Nuts about sustainability: meet Olam’s experts helping to reimagine healthy ecosystems
In conversation with Burcu Turkay, Global Sustainability Manager, Olam Edible Nuts...
Having previously worked for Amnesty International, Burcu’s focus has expanded from human rights to the gamut of sustainable development issues including deforestation, water-use and even bee management. Find out how her journey has helped prepare her to design and lead sustainability campaigns for Olam’s Edible Nuts business, which has won her recognition internally and from major customers and development agencies.
What prompted your move from an NGO to a global agribusiness?
First, I must say the agriculture world took me by surprise! While I had worked with companies on issues like greenhouse gas emissions and land rehabilitation previously, I had no direct experience in this sector. Today, I am glad to say that I have grown to be much more knowledgeable about the sector, especially in Edible Nuts, from hazelnuts to cashews and almonds, to superfoods like quinoa and chia seeds.
Many companies had CSR departments, but they didn’t know where to focus, whereas many NGOs have many projects but no resources. Olam offered a unique opportunity – where it had a clear commitment to sustainability and to collaboration with all stakeholders. For me, sustainability was something I have been passionate about all my life, so this was important.
What are some of the biggest misconceptions that people have about what you do?
Much of the conversation around edible nuts revolves around issues like deforestation, water and child labour. Olam’s approach is never to say that these challenges don’t exist – but to design our programmes to mitigate and address the risks as much as possible.
We are glad that most customers know the reality on the ground and are willing to be a part of the solution. On our part, we make sure our products are traceable with different monitoring solutions in place, such as AtSource. We do a lot of work with other different stakeholders, from universities to NGOs, on research and action plans against these risks; these are verified and audited by independent parties.
What was an unexpected challenge for you?
Confronting major sustainability issues in edible nuts aside, time zones can be tricky.
I’m based in Istanbul. In the morning, I’ll be speaking to the local sustainability team to get a download on their daily programme. Around lunch time, other parts of Europe start their day, and I’ll be speaking to the global sustainability team. I will also speak to my cashew colleagues in Africa and have calls with the Ivory Coast team around that time.
Later in the afternoon, Latin America wakes up and we’ll discuss superfoods like quinoa and chia smallholder farmers as well as organic programmes. In the evening, US wakes and I’ll be talking to the almond team.
Best part of your job?
There are too many to list. Seeing the real impact on the ground from our programmes is truly life changing. Nothing beats seeing the smiles on the faces of farmers who have benefited from our work. Every so often when I visit our smallholders, they welcome you into their homes with open arms and never want you to leave.
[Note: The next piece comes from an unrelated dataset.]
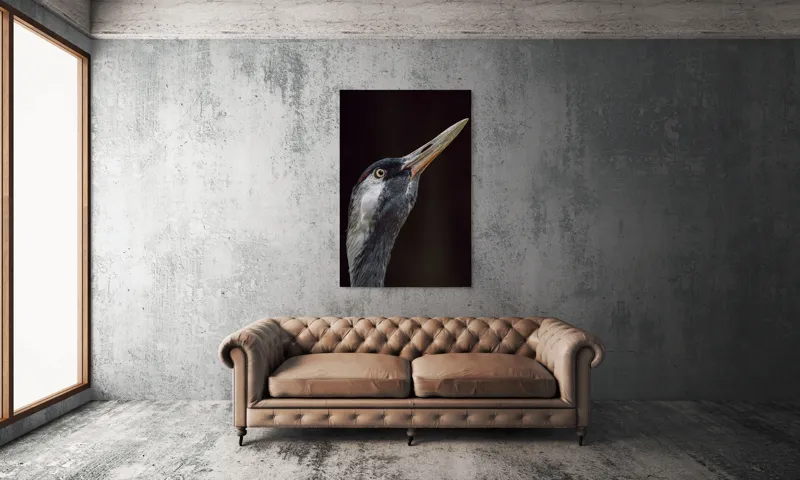 Tablou Canvas, "Grațiozitatea zborului privită de aproape", Pasăre, Profil, Penaj, Ochi, Cioc, Elegant, Întuneric, Contrast., 100 x 150 cm – poza 6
I have been to places I never expected to set foot in, which greatly enriched my life experience. I had never seen a cacao fruit until I joined Olam – they look more like melons really! I never knew how strong our women farmers could be. I have cried from visiting our onion factory in California. I could go on.
Being part of the Re-imagineers programme was one of the most exciting things I have ever done at Olam. Organising the workshops in Turkey gave me the opportunity to interact with employees across departments, from factories to offices. Besides generating new ideas, these workshops allowed us to form lasting connections. The continuous thinking and creating at Olam as well as its values and entrepreneurial spirit has allowed me to develop greatly as an individual.
“You can do good working in the right company”
How do others become the expert that you are today?
There are many Greta Thunbergs out there. You are never too young to start caring about the environment, your fellow people and nature. A broad knowledge in the social sciences will help greatly, but there will be a need to ramp up on technical knowledge as well. What really matters is that you believe in sustainability and are energised and motivated by it.